Speaking about non-linear models of regression analysis, it is important to pay attention to whether we are talking about non-linearity in independent variables (from a formal point of view, easily reduced to linear regression), or non-linearity in estimated parameters (causing serious computational difficulties). With the first type of nonlinearity, from a meaningful point of view, it is important to single out the appearance in the model of members of the form , , indicating the presence of interactions between features , etc. (see Multicollinearity).

Literature

Norman Draper, Harry Smith Applied regression analysis. Multiple Regression = Applied Regression Analysis. - 3rd ed. - M .: "Dialectics", 2007. - S. 912. - ISBN 0-471-17082-8
Sustainable Methods for Estimating Statistical Models: Monograph. - K. : PP "Sansparelle", 2005. - S. 504. - ISBN 966-96574-0-7, UDC: 519.237.5:515.126.2, LBC 22.172 + 22.152
Radchenko Stanislav Grigorievich, Regression Analysis Methodology: Monograph. - K. : "Korniychuk", 2011. - S. 376. - ISBN 978-966-7599-72-0

Wikimedia Foundation. 2010 .

As a result of studying the material of chapter 4, the student should:

know

basic concepts of regression analysis;
methods of estimation and properties of estimates of the method of least squares;
basic rules for significance testing and interval estimation of the equation and regression coefficients;

be able to

find estimates of the parameters of two-dimensional and multiple models of regression equations from sample data, analyze their properties;
check the significance of the equation and regression coefficients;
find interval estimates of significant parameters;

own

the skills of statistical estimation of the parameters of the two-dimensional and multiple regression equations; skills to check the adequacy of regression models;
skills in obtaining a regression equation with all significant coefficients using analytical software.

Basic concepts

After conducting a correlation analysis, when the presence of statistically significant relationships between variables has been identified and the degree of their tightness has been assessed, they usually proceed to a mathematical description of the type of dependencies using regression analysis methods. For this purpose, a class of functions is selected that links the effective indicator at and arguments„ calculate estimates of the parameters of the constraint equation and analyze the accuracy of the resulting equation .

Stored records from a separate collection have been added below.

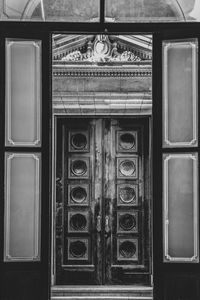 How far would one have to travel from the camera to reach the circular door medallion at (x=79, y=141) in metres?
8.82

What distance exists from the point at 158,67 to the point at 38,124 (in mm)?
970

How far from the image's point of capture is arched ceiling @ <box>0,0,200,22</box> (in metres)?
4.42

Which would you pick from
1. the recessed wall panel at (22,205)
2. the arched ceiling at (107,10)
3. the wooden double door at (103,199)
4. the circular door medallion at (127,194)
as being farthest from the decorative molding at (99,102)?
the recessed wall panel at (22,205)

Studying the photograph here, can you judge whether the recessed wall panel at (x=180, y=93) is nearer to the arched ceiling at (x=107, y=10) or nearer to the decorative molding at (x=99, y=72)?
the arched ceiling at (x=107, y=10)

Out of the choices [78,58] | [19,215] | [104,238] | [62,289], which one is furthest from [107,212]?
[19,215]

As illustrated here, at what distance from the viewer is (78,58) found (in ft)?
27.8

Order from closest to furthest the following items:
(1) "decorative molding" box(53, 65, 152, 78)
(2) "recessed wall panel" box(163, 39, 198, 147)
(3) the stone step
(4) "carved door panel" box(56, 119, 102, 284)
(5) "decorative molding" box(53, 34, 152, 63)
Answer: (2) "recessed wall panel" box(163, 39, 198, 147), (3) the stone step, (5) "decorative molding" box(53, 34, 152, 63), (1) "decorative molding" box(53, 65, 152, 78), (4) "carved door panel" box(56, 119, 102, 284)

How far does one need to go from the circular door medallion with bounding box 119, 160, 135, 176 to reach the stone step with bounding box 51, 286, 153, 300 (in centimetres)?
166

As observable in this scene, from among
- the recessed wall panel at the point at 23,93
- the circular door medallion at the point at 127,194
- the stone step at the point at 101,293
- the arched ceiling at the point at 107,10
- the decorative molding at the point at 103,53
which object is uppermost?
the decorative molding at the point at 103,53

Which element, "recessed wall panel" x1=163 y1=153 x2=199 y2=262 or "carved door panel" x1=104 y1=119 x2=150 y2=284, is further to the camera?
"carved door panel" x1=104 y1=119 x2=150 y2=284

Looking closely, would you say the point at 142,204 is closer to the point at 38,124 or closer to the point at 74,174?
the point at 74,174

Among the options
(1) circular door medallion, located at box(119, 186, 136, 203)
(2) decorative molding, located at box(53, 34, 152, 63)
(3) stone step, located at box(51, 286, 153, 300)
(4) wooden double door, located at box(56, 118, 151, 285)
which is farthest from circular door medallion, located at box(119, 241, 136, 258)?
(2) decorative molding, located at box(53, 34, 152, 63)

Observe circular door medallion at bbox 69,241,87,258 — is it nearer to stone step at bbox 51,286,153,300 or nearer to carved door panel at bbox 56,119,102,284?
carved door panel at bbox 56,119,102,284

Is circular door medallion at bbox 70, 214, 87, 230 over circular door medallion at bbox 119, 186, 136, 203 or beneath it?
beneath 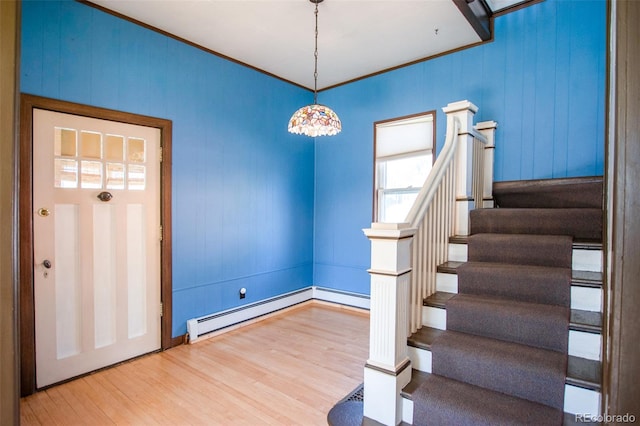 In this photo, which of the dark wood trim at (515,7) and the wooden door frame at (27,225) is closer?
the wooden door frame at (27,225)

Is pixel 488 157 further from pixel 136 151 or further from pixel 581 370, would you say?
pixel 136 151

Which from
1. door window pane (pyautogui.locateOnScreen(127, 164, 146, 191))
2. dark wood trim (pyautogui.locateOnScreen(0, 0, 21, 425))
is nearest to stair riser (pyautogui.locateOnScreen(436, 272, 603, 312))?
dark wood trim (pyautogui.locateOnScreen(0, 0, 21, 425))

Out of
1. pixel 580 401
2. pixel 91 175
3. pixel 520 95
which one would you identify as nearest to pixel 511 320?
pixel 580 401

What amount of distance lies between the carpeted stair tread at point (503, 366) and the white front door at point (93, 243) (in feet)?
9.05

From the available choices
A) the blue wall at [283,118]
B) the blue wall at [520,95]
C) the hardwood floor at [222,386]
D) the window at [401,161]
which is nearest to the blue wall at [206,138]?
the blue wall at [283,118]

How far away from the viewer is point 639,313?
573mm

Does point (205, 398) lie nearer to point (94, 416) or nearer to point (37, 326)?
point (94, 416)

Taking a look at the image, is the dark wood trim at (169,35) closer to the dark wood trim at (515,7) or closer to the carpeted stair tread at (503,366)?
the dark wood trim at (515,7)

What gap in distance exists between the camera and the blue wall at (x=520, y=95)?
303 centimetres

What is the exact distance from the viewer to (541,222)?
8.52 ft

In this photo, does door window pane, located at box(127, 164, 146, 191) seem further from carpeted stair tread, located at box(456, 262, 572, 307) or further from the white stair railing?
carpeted stair tread, located at box(456, 262, 572, 307)

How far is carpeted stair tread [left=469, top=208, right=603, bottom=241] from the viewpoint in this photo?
7.97 feet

Function| describing the dependence of the conditional average value of the effective feature at from the given values of the arguments, is called regression equation.

The term "regression" (from lat. regression- retreat, return to something) was introduced by the English psychologist and anthropologist F. Galton and is associated with one of his first examples, in which Galton, processing statistical data related to the question of the heredity of growth, found that if the height of the fathers deviates from the average height all fathers on X inches, then the height of their sons deviates from the average height of all sons by less than x inches The identified trend was called regression to the mean.

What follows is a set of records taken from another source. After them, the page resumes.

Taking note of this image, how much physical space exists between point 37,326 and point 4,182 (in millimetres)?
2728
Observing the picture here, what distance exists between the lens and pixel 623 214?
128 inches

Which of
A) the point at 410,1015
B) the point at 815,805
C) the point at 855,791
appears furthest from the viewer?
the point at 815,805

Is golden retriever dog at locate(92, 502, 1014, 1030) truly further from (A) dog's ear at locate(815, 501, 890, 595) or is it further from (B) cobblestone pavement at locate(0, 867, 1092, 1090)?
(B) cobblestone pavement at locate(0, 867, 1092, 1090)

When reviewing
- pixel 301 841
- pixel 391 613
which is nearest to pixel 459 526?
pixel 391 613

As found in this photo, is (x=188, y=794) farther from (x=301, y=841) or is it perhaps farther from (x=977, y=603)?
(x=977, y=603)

The term "regression" is widely used in the statistical literature, although in many cases it does not accurately characterize the statistical dependence.

For an accurate description of the regression equation, it is necessary to know the conditional law of distribution of the effective indicator y. In statistical practice, it is usually impossible to obtain such information, therefore, they are limited to finding suitable approximations for the function f(x u X 2, .... l *), based on a preliminary meaningful analysis of the phenomenon or on the original statistical data.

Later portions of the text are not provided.